1 Mijn zoon! zo gij mijn redenen aanneemt, en mijn geboden bij u weglegt;
2 Om uw oren naar wijsheid te doen opmerken; zo gij uw hart tot verstandigheid neigt;
3 Ja, zo gij tot het verstand roept, uw stem verheft tot de verstandigheid;
4 Zo gij haar zoekt als zilver, en naspeurt als verborgen schatten;
5 Dan zult gij de vreze des HEEREN verstaan, en zult de kennis van God vinden.
6 Want de HEERE geeft wijsheid; uit Zijn mond komt kennis en verstand.
7 Hij legt weg voor de oprechten een bestendig wezen; Hij is een Schild dengenen, die oprechtelijk wandelen;
8 Opdat zij de paden des rechts houden; en Hij zal den weg Zijner gunstgenoten bewaren.
9 Dan zult gij verstaan gerechtigheid, en recht, en billijkheden, en alle goed pad.
10 Als de wijsheid in uw hart zal gekomen zijn, en de wetenschap voor uw ziel zal liefelijk zijn;
11 Zo zal de bedachtzaamheid over u de wacht houden, de verstandigheid zal u behoeden;
12 Om u te redden van den kwaden weg, van den man, die verkeerdheden spreekt;
13 Van degenen, die de paden der oprechtheid verlaten, om te gaan in de wegen der duisternis;
14 Die blijde zijn in het kwaad doen, zich verheugen in de verkeerdheden des kwaden;
15 Welker paden verkeerd zijn, en afwijkende in hun sporen;
16 Om u te redden van de vreemde vrouw, van de onbekende, die met haar redenen vleit;
17 Die den leidsman harer jonkheid verlaat, en het verbond haars Gods vergeet;
18 Want haar huis helt naar den dood, en haar paden naar de overledenen.

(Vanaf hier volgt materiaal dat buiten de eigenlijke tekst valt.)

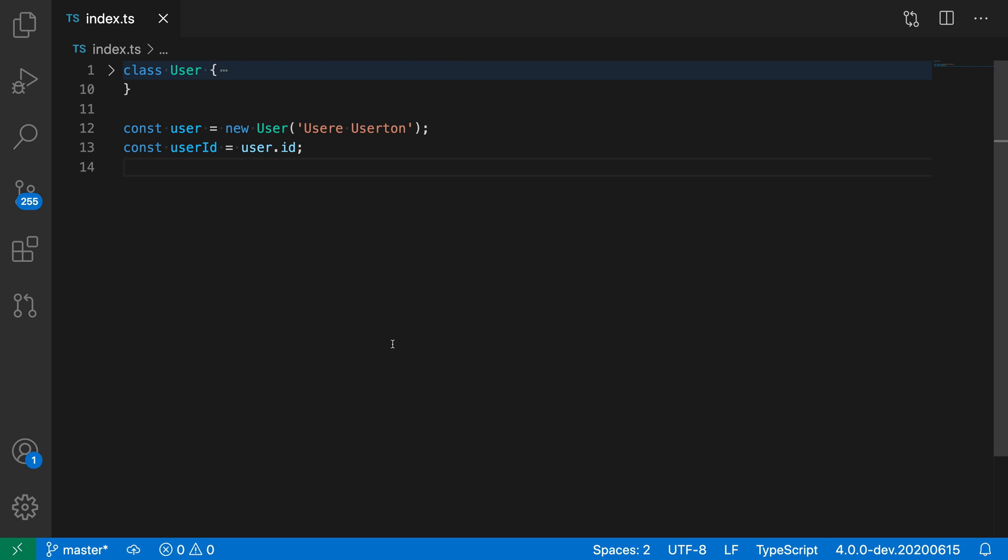When performing a find replace, you can have VS Code preserve the case of the text that's being replaced. In this TypeScript file, for example, say I wanted to replace the term user with something else. You can see I'm using user with both an uppercase U and a lowercase u in this file, and I want to continue having that convention when I do the replacement.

19 Allen die tot haar ingaan, zullen niet wederkomen, en zullen de paden des levens niet aantreffen;
20 Opdat gij wandelt op den weg der goeden, en houdt de paden der rechtvaardigen.
21 Want de vromen zullen de aarde bewonen, en de oprechten zullen daarin overblijven;
22 Maar de goddelozen zullen van de aarde uitgeroeid worden, en de trouwelozen zullen er van uitgerukt worden.
1 Filho meu, se aceitares as minhas palavras, e entesourares contigo os meus mandamentos,
2 para fazeres atento à sabedoria o teu ouvido, e para inclinares o teu coração ao entendimento;
3 sim, se clamares por discernimento, e por entendimento alçares a tua voz;
4 se o buscares como a prata e o procurares como a tesouros escondidos;
5 então entenderás o temor do Senhor, e acharás o conhecimento de Deus.
6 Porque o Senhor dá a sabedoria; da sua boca procedem o conhecimento e o entendimento;
7 ele reserva a verdadeira sabedoria para os retos; e escudo para os que caminham em integridade,
8 guardando-lhes as veredas da justiça, e preservando o caminho dos seus santos.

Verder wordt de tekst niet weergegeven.